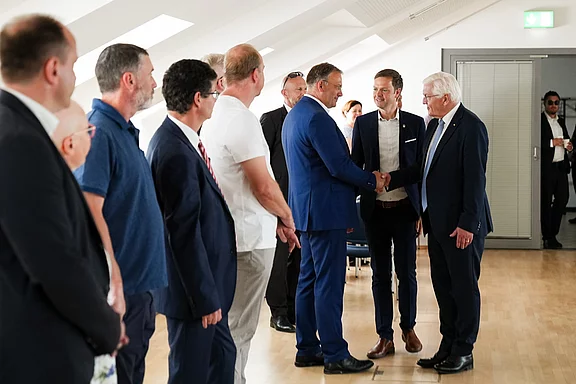 Eine Gruppe von Personen steht in einem Raum, während zwei Männer sich die Hände schütteln. Die Atmosphäre wirkt förmlich und freundlich, der Raum ist hell erleuchtet und modern eingerichtet. Im Hintergrund sind einige Teilnehmer, die den Moment beobachten.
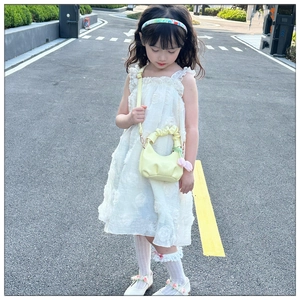 Detail of light yellow pleated cloud bag for kids with pink tulip pendant and strap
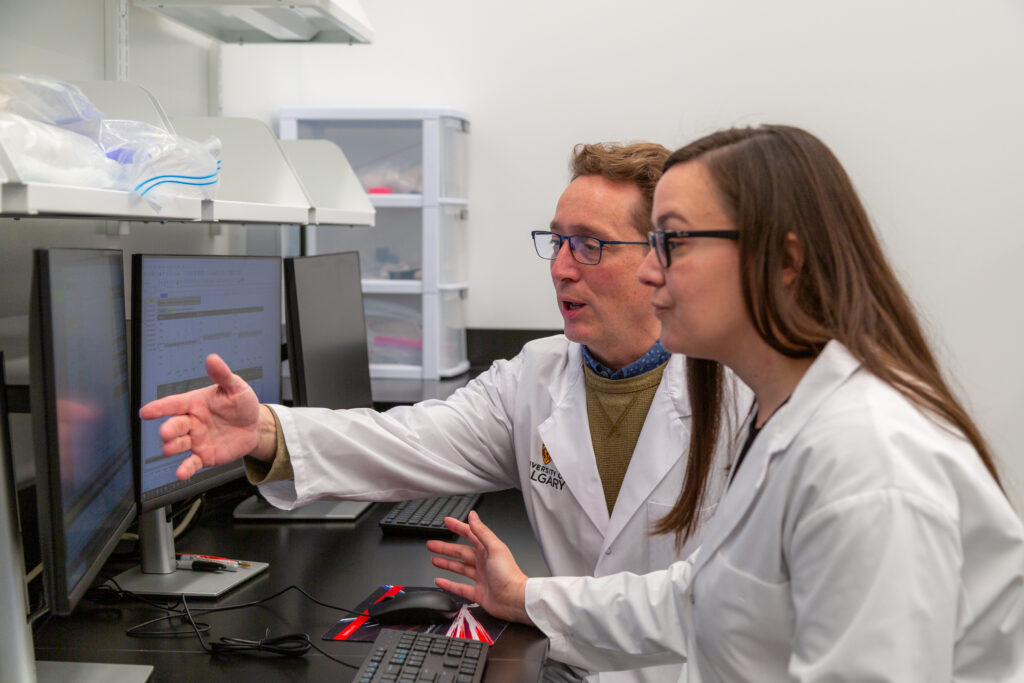 Dr. Kerri Miller (Front) and Dr. Mike Wieser (Back) in the Cancer Metallomics Laboratory (Photo Credit: Glynnis Mutch, University of Calgary)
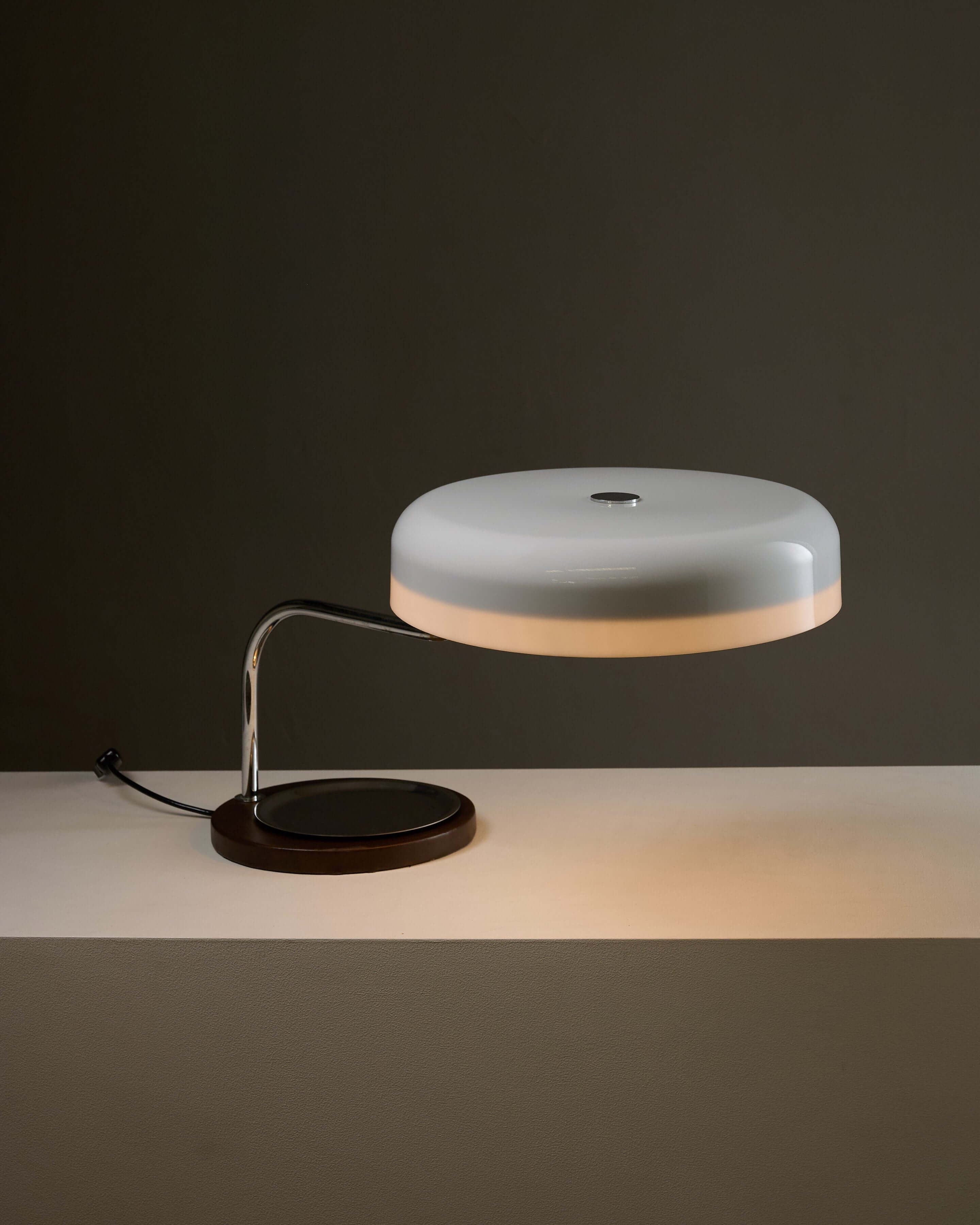 Metalarte Model 4817 Desk Lamp by Gaetano Scolari on a table with a modern design.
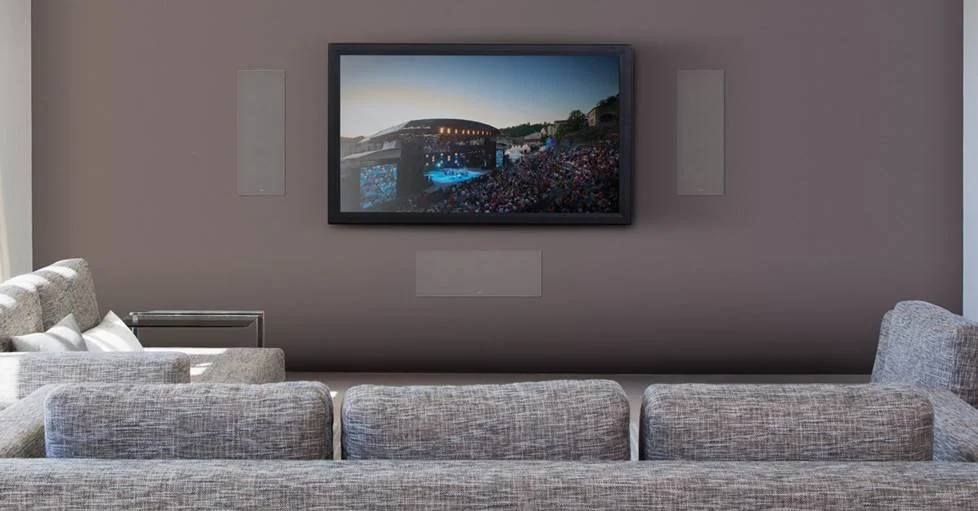 How to Choose Between Hidden In Wall Speakers and Floor Standing Systems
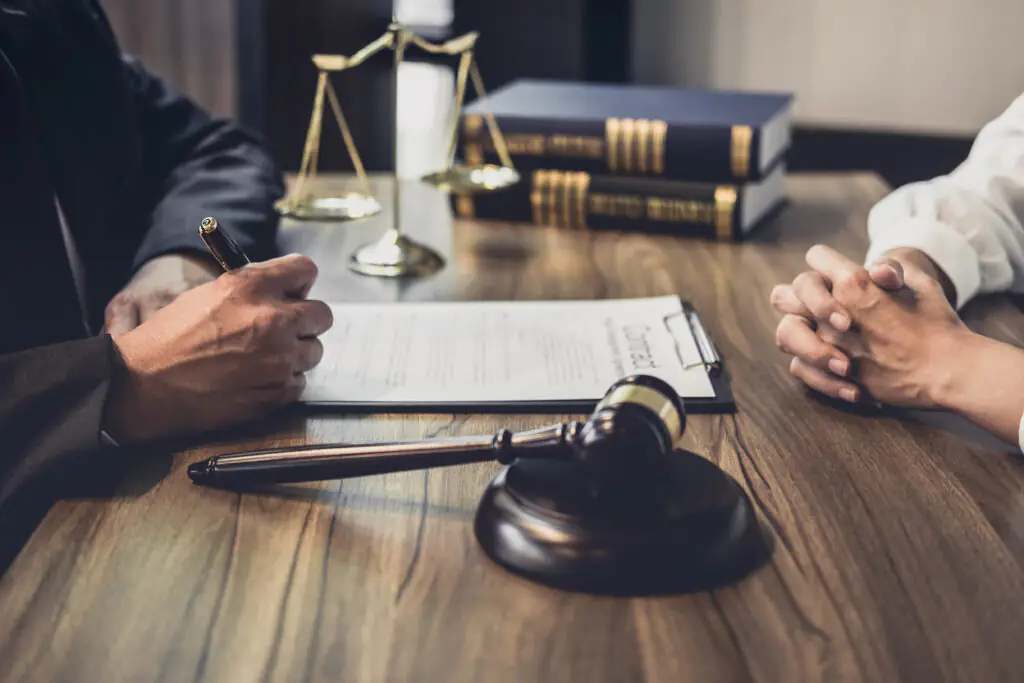 Breach of fiduciary duty lawyer in Las Cruces reviewing financial misconduct case documents.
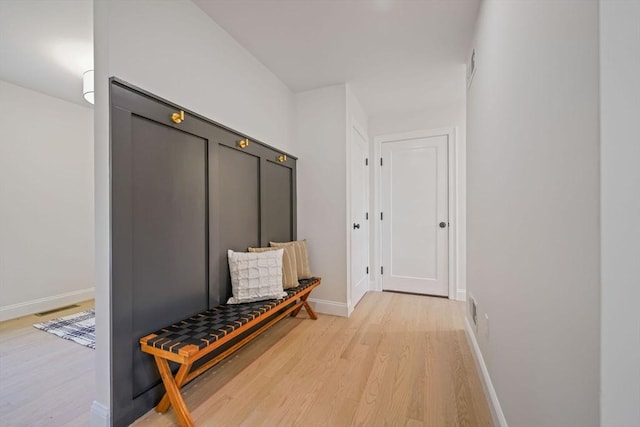13 Nantucket Dr, Mattapoisett, MA 02719 - mudroom with light wood-style flooring and baseboards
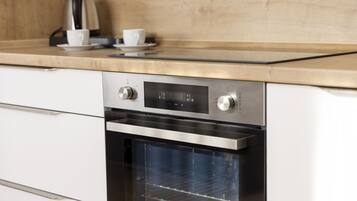 A modern kitchen with a built-in oven and a coffee maker on the countertop.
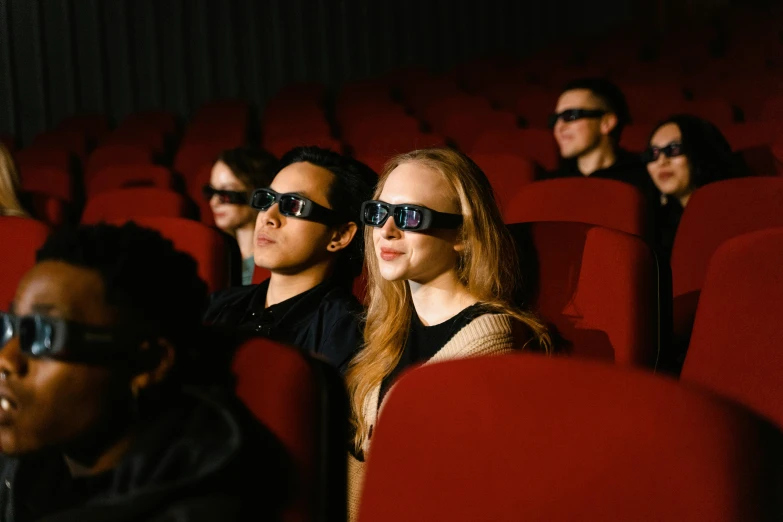 a group of people sitting in a theater wearing 3d glasses, a hologram, by Matthias Stom, pexels, hyperrealism, movie scene, avatar image, high definition movie, instagram post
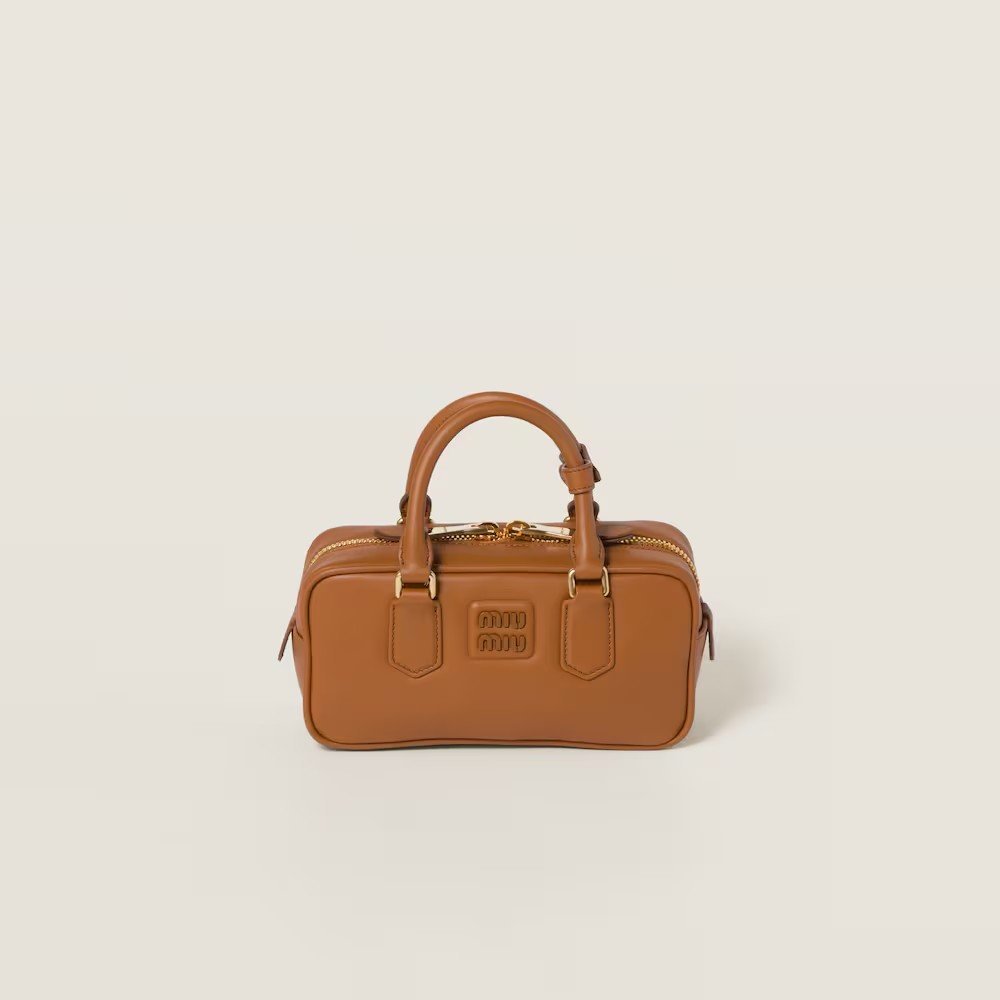 f21b2e8efccb79f8c456919020fa7492.jpg Arcadie Leather Small Handbag Cognac color - Image 1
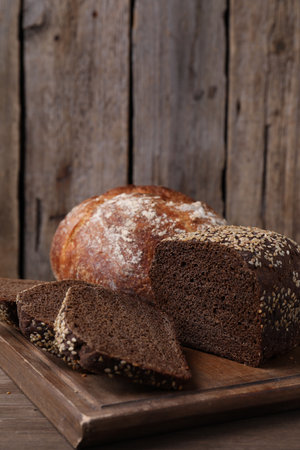 Different types of bread on wooden table, closeup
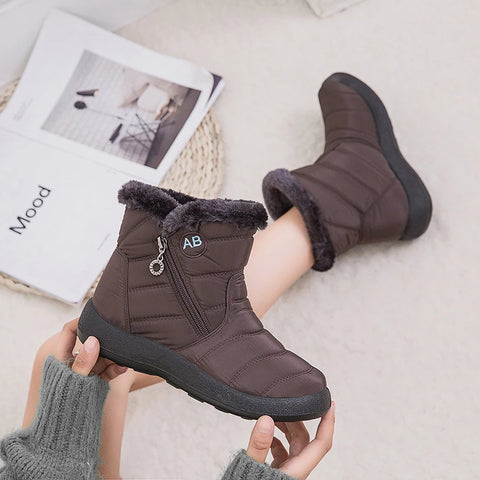 Wilhelmina brown fur trim zip winter boot held in hand with newspaper backdrop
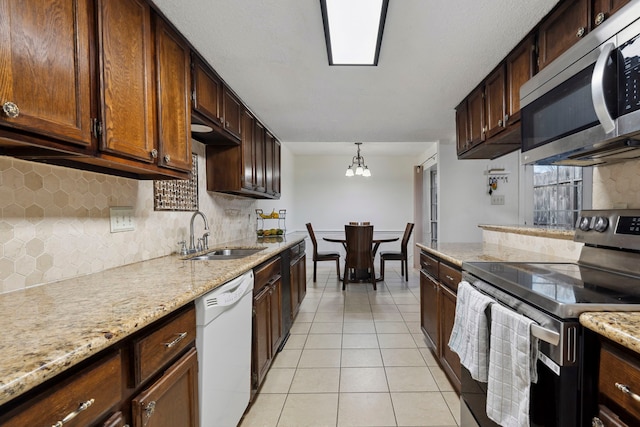 kitchen with light stone counters, a sink, stainless steel appliances, backsplash, and light tile patterned flooring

# # # #

- _Task instructions_
Your copy should hold exactly the lines from the one that contains "Wilhelmina brown fur" through the final line of the data, both ends included, and no pictures.

- _Answer_
 Wilhelmina brown fur trim zip winter boot held in hand with newspaper backdrop
 kitchen with light stone counters, a sink, stainless steel appliances, backsplash, and light tile patterned flooring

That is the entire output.